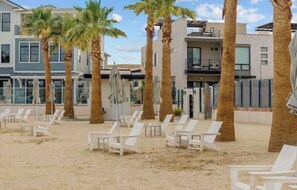 A beachfront property with multiple-story buildings, palm trees, and white lounge chairs on the sand.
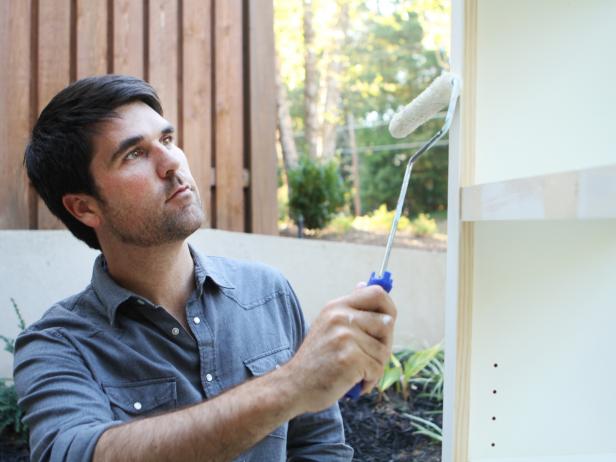 Once all trim is attached to front of bookshelves, fill any nail holes with spackle using putty knife and any gaps with caulk using caulk gun. Wipe away dust with damp cloth to assure clean surface. Sand lightly with medium-grit sanding block, then paint trim same color as bookshelf.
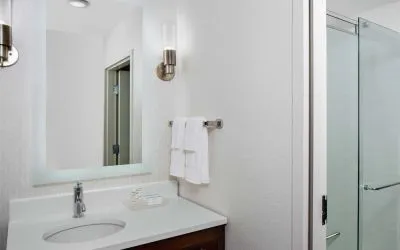 Guest bathroom with shower at Homewood Suites By Hilton Nashville.
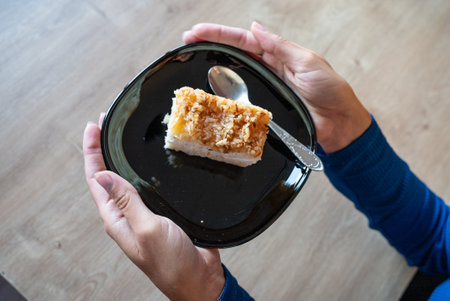 The woman holds food in her hand. The girl holds a cake on a plate. Cake on black plate.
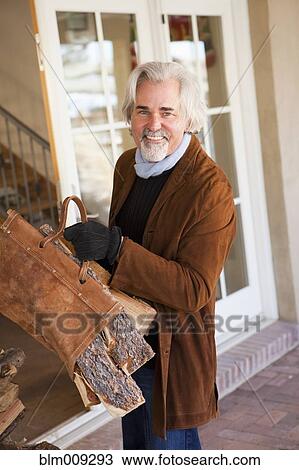 Stock Image - Caucasian man carrying firewood. Fotosearch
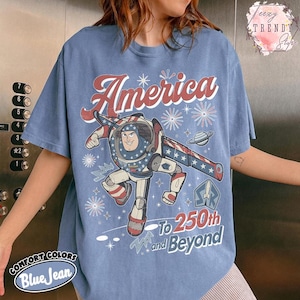 Puede incluir: Una camiseta de color azul vaquero con un gr&aacute;fico de un personaje de guardi&aacute;n espacial con un traje rojo, blanco y azul. El texto dice America, To 250th and Beyond, e incluye ilustraciones de fuegos artificiales, un planeta y un cohete.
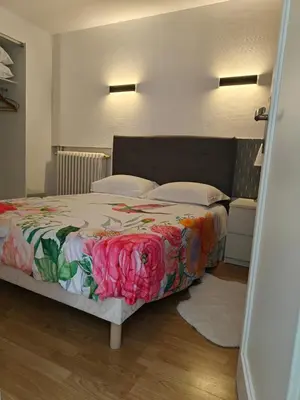 Un ou plusieurs lits dans un hébergement de l'établissement Le Cosy, Appartement Chaleureux 2 chambres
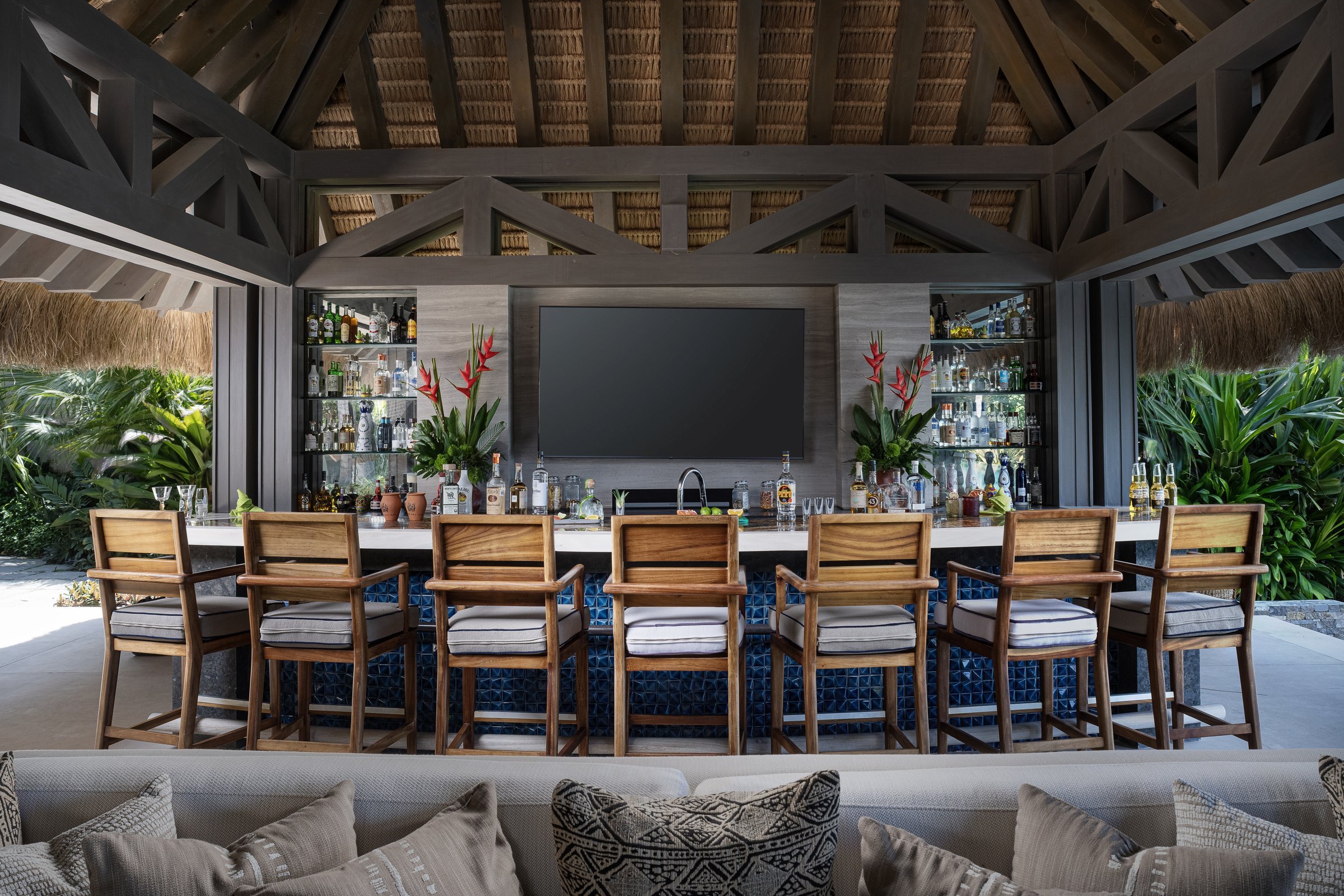 The palapa bar, stools lined beneath the thatch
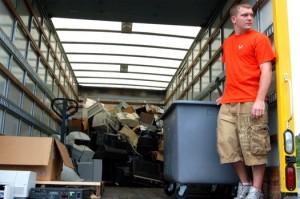 Kris stands next to a huge heap of electronics that started filling the truck.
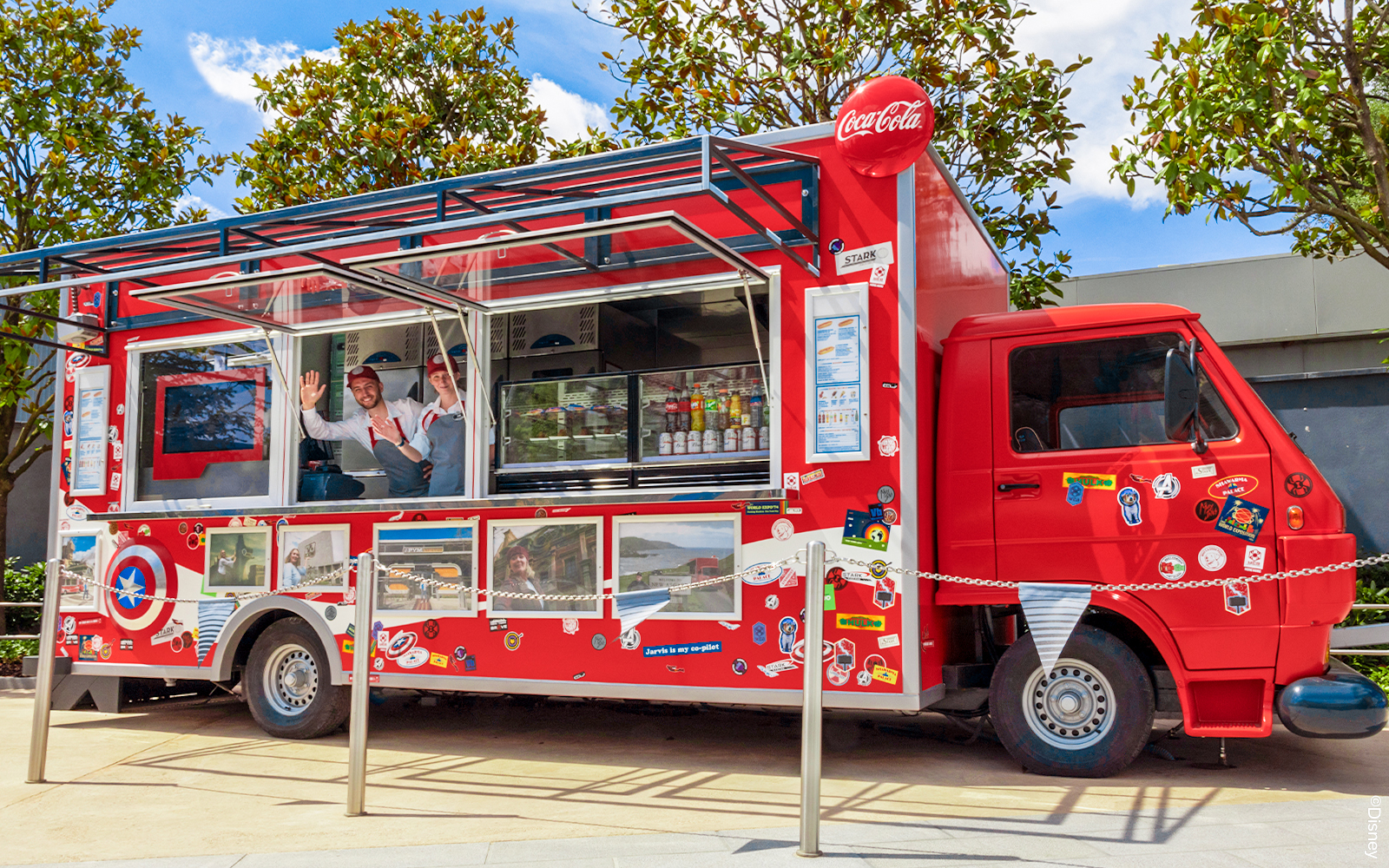 Red food truck with Marvel-themed decor at Disneyland Paris.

***

The range to transcribe runs from the line holding "Kris stands next" through the final line of the data above; copy it exactly and exclude the pictures.

[Solved exercise]
 Kris stands next to a huge heap of electronics that started filling the truck.
 Red food truck with Marvel-themed decor at Disneyland Paris.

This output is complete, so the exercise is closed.